El anuncio de esa llegada excitó los ánimos y salieron, para enfrentarse con Ronquillo, cerca de tres mil quinientos hombres bien armados pero mal mandados. Iban los segovianos a sufrir una nueva derrota cuando asomaron en el horizonte las escuadras de Padilla, Zapata y Juan Bravo, y el alcaide se retiró. La posterior quema de Medina del Campo que se negó a entregar la artillería real para bombardear a Segovia, incendió toda Castilla. En la guerra que siguió, Juan Bravo y sus tropas segovianas serían uno de los grandes apoyos de Padilla –estuvo presente en las entrevistas con la Reina Juana y con el cardenal Adriano y en la toma de Torrelobatón-, hasta la batalla de Villalar donde el alcalde de Navalcarnero, Alonso de Arreo, defendió el pendón de la ciudad.

Mientras que la ciudad enviaba sus representante a la Santa Junta de Ávila –entre ellos el regidor Juan de Solier, que sería decapitado como otros siete procuradores al final de la guerra en la plaza de Medina del Campo– los imperiales se arracimaron alrededor del conde de Chinchón, Fernando de Bobadilla y Cabrera, odiado por los segovianos, que aún recordaban la manera en la que su familia había labrado su fortuna gracias a la Reina Católica, quitando tierras a la ciudad. Los comuneros derribaron las fortalezas de Chinchón y Odón, mientras el conde de Chinchón con los imperiales se atrincheró en el alcázar y la torre de la Catedral románica. Los alzados cercaron la fortaleza a la que cortaron el agua, pusieron guardas, levantaron barreras y palenques y abrieron fosos. En los meses posteriores, el combate fue recio, pues los imperiales se defendieron con brío de los asaltos. Tal y como dijeron luego cronistas como Colmenares, se peleó con más odio al enemigo que veneración al templo, y cayeron muchos de uno y otro lado, hasta que los cercados se refugiaron en el Alcázar. Tras la toma de la catedral románica, los comuneros intentaron bombardear desde allí la fortaleza. A causa de los combates, la catedral sufrió grandes daños y tuvo que ser posteriormente derruida.

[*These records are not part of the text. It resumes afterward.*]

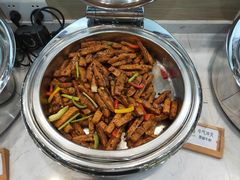 -素之缘素食(新之城店)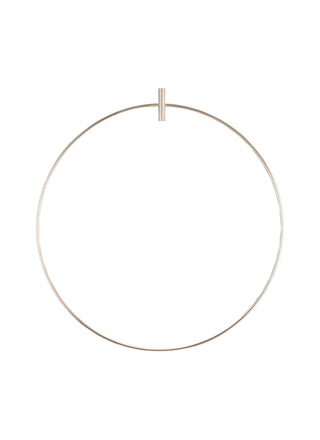 Visual Comfort Modern-700LOCUSR13S image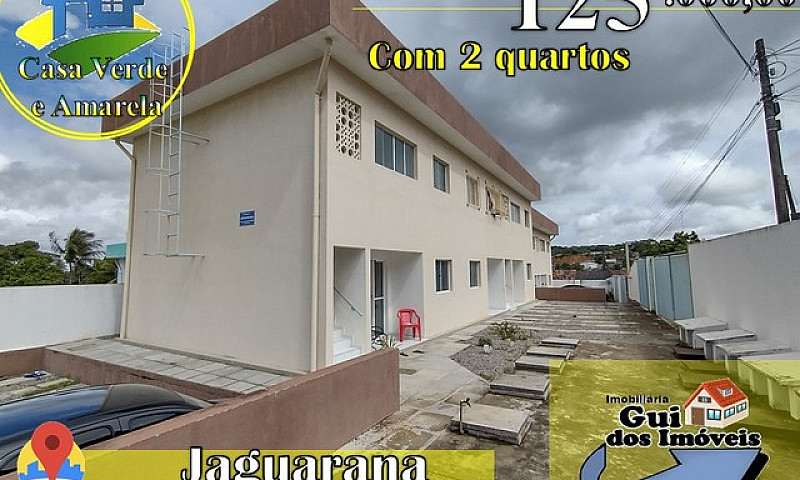 Apartamento Para Ven...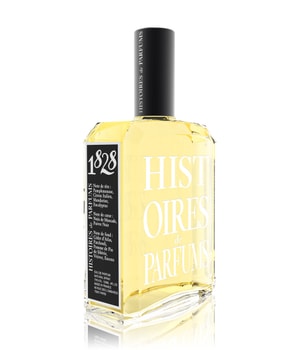 1828 — Histoires de Parfums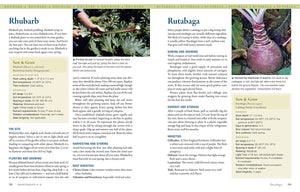 The Vegetable Gardener's Bible, 2nd Edition: Discover Ed's HighYield WORD System for All North American Gardening Regions: W,Used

Tras la derrota de Villalar, Segovia se rindió el 7 de mayo de 1521 y tuvo que soportar la ocupación del ejército imperial. La Corona y los nobles no perdonaron la actitud de Segovia. Tras ser una de las ciudades más dinámicas del reino, con las multas impuestas y el castigo a su burguesía y pequeña nobleza, comenzó su declive. Se picaron los escudos de familias como los Buitrago o Mesa. De los 293 exceptuados del exiguo perdón de Carlos I, 21 eran de Segovia, la cuarta provincia en número de condenados.